藤(フジ)とは
藤は昔から日本人に親しまれてきた花の一つです。1300年も前、平安時代よりもっと前から天皇や貴族に愛されており、有名な「古今和歌集」にも藤の花についての和歌が多く残されています。
藤の花はマメ科の植物で、長いツルを巻き付けながら成長します。古くから日本人は、花が垂れ下がる姿を観賞するために、つるが這い上がるための藤棚を木枠で作りました。いまでも5月の最盛期には、鮮やかな紫色の花とかぐわしい香りを楽しみに、多くの人が藤棚を訪れています。
藤の開花時期・花言葉
開花時期:4月から6月頃
花言葉
- やさしさ
- 歓迎
- 恋に酔う・陶酔
- 決して離れない
藤(フジ)の花言葉についての解説
歓迎
たっぷりとした房が着物の袖に見えることから、藤は女性に例えられることが多いです。
おおきな藤の花が垂れ下がっている様子を、相手にお辞儀をする女性の袖に重ね合わせて、この花言葉が出来たと言われています。
恋に酔う・陶酔
かの有名な紫式部も藤の花を愛した一人でした。

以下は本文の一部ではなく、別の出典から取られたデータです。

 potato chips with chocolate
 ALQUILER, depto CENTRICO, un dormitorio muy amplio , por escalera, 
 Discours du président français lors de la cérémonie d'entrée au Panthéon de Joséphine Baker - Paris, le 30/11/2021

「源氏物語」にも重要なモチーフとして取り上げています。
「源氏物語」の光源氏は、義理の母であり初恋の相手でもある藤壺の女御を深く愛していました。しかしその想いは実るはずもなく、光源氏は藤壺の女御の姪である紫の上に彼女の面影を重ね、育て上げていくのです。

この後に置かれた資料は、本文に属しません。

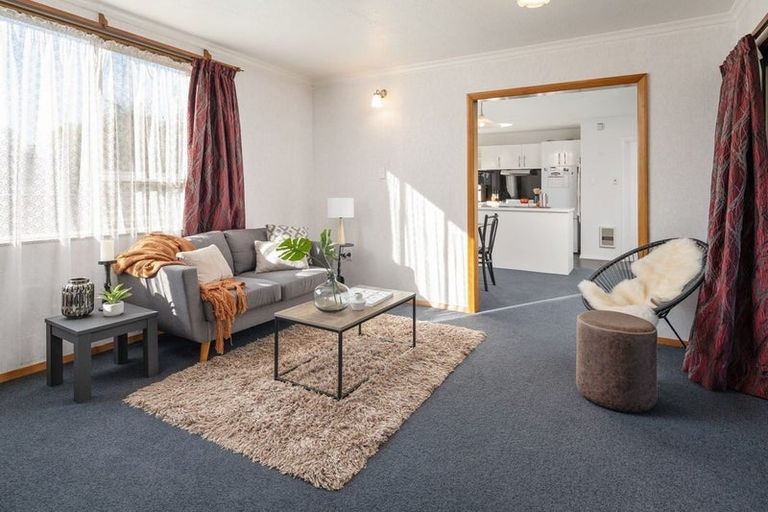 Photo of property in 28 Holdaway Street, Riversdale, Blenheim, 7201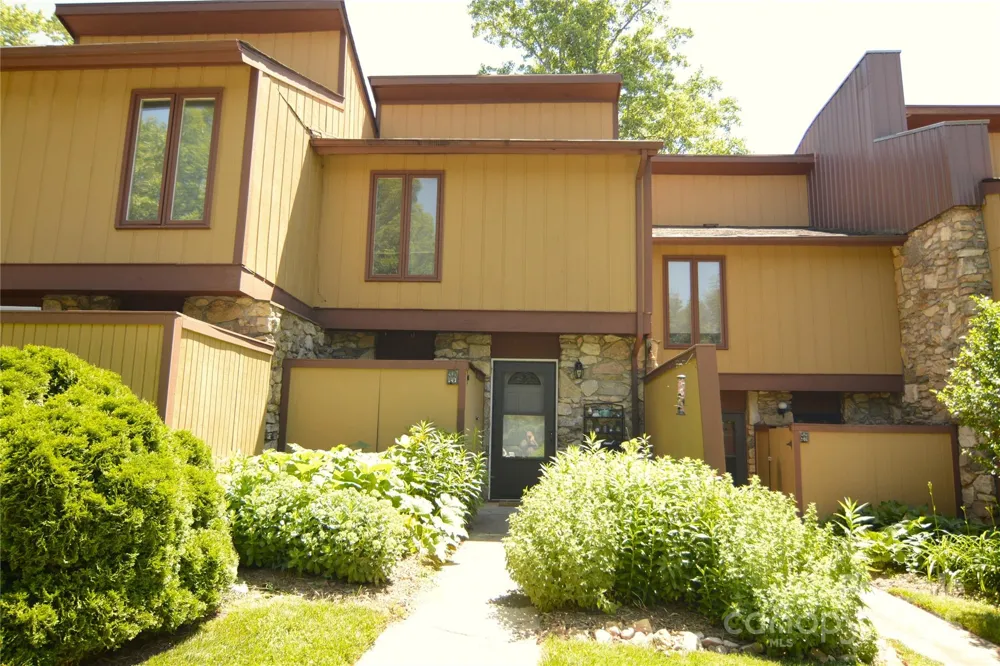 141 Colony Drive Arden, NC 28704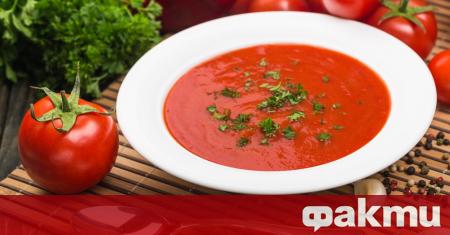 Необходими продукти 1 кг домати 100 доматено пюре 1 стрък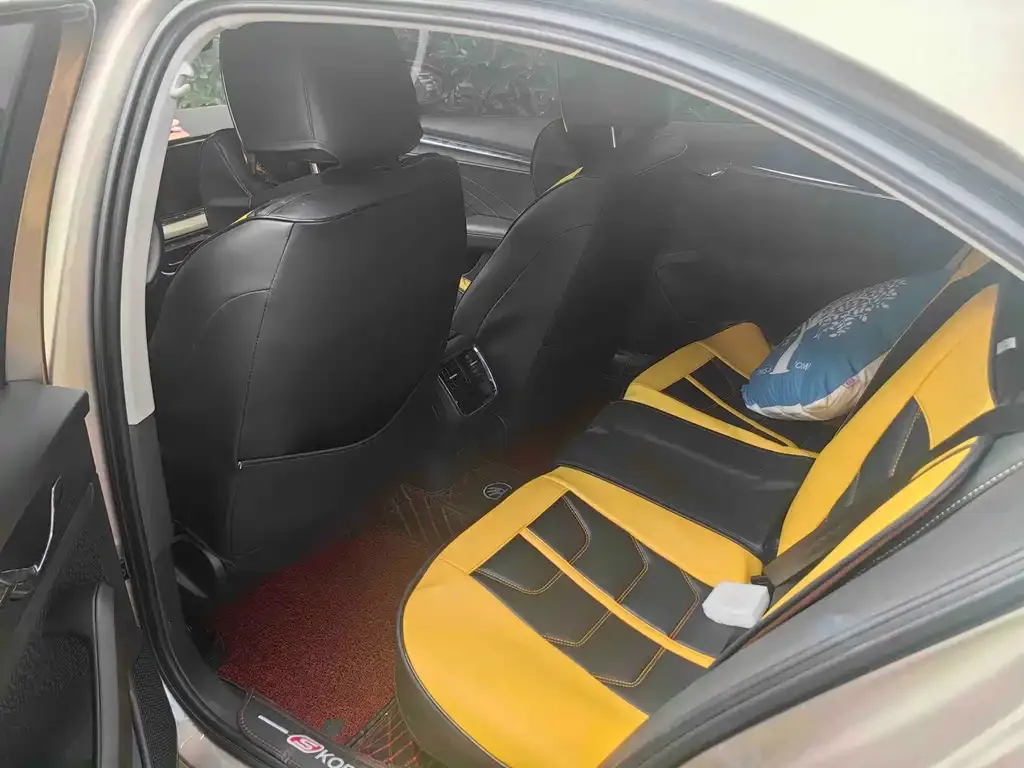 Skoda Octavia — фото 3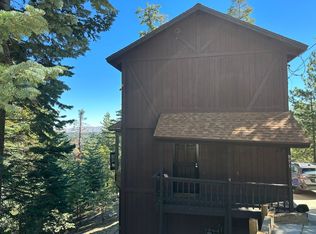 897 Bear Springs Rd, Twin Peaks, CA 92391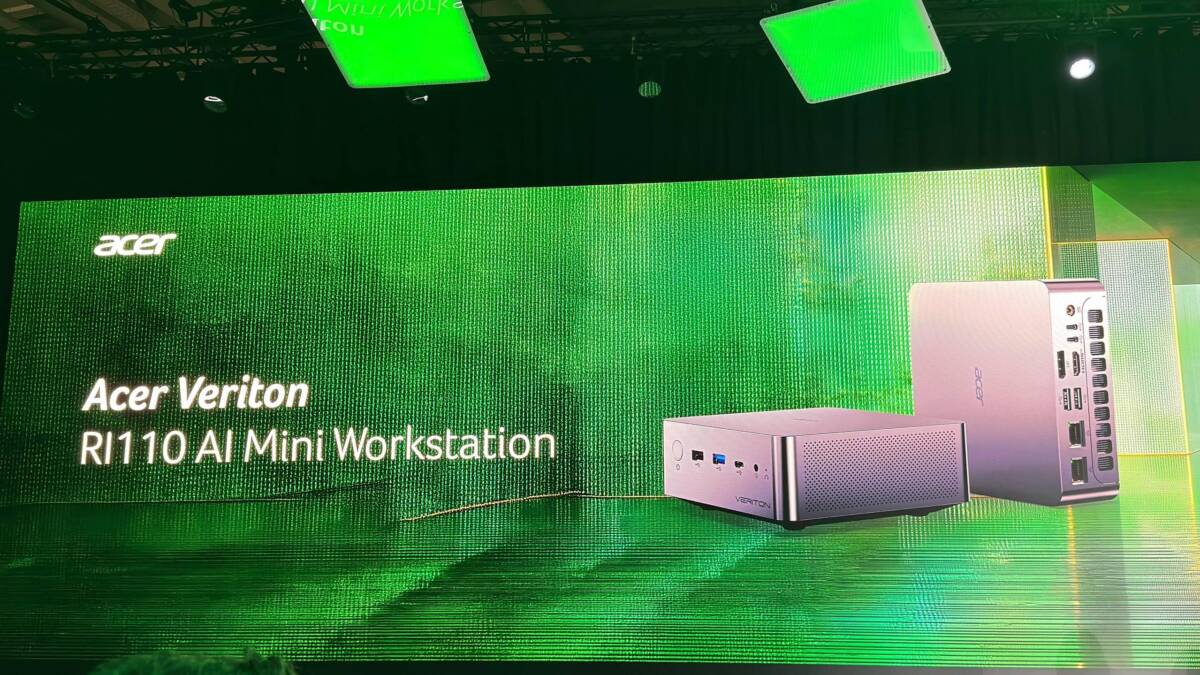 16-ядерный Intel Core Ultra X7 358H и до 96 ГБ ОЗУ в Acer Veriton RI110 AI Mini Workstation 3 LED дисплей с логотипом Acer и надписью Acer Veriton RI110 AI Mini Workstation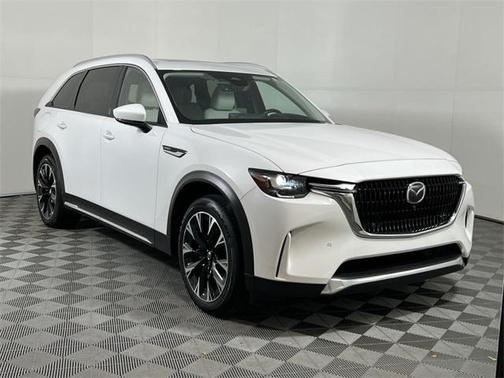 2024 Mazda CX-90 PHEV Premium Plus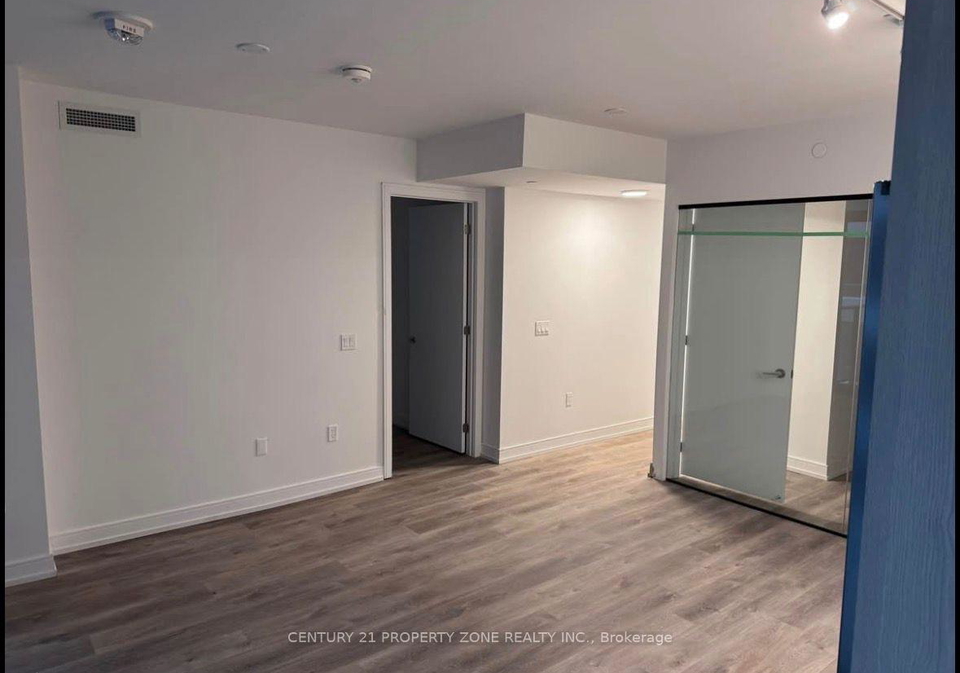 1-jarvis-street-hamilton-ontario-x13469702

ここに登場する二人には「藤」と「紫」という字が使われ、藤の花を思わす高貴な存在として登場しています。この二人を思って光源氏が詠んだ歌があります。
「手に摘みて いつしかも見む 紫の 根にかよひける 野辺の若草」(源氏物語/第五帖)
手に摘んで早く見たいものだ。紫草にゆかりのある野辺の若草を
藤壺とゆかりのある紫の上を育て、早く手元に置きたい、とそんな気持ちが伝わってきます。
光源氏は藤壺に心奪われ、紫の上の登場で大きく人生が変わっていきます。そんな彼の女性たちに対する思いは、まさに「心酔」といった様子です。
決して離れない
この花言葉は、藤の花の付き方に由来しています。
藤はほかの植物などにツルを巻き付けながら、ぶら下がるようにして花を咲かせます。その姿が、男性に寄りかかりながら頼っている女性に見えるという事で、このような花言葉が生まれたと言われています。
少し怖い響きもありますが、どこまでも旦那さんについて行く、昔ながらの良い奥さんのようにも感じられませんか?